- Records drawn from a dataset
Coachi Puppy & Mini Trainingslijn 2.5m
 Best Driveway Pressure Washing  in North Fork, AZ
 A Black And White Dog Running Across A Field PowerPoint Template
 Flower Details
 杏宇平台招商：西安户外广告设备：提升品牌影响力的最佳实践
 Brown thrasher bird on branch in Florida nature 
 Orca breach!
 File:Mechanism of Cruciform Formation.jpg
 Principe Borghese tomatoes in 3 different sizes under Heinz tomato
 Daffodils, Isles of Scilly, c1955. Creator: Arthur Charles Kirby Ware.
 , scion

- WHAT YOU NEED TO DO
Copy out every record again, letter for letter.

- FINISHED TASK
Coachi Puppy & Mini Trainingslijn 2.5m
 Best Driveway Pressure Washing  in North Fork, AZ
 A Black And White Dog Running Across A Field PowerPoint Template
 Flower Details
 杏宇平台招商：西安户外广告设备：提升品牌影响力的最佳实践
 Brown thrasher bird on branch in Florida nature 
 Orca breach!
 File:Mechanism of Cruciform Formation.jpg
 Principe Borghese tomatoes in 3 different sizes under Heinz tomato
 Daffodils, Isles of Scilly, c1955. Creator: Arthur Charles Kirby Ware.
 , scion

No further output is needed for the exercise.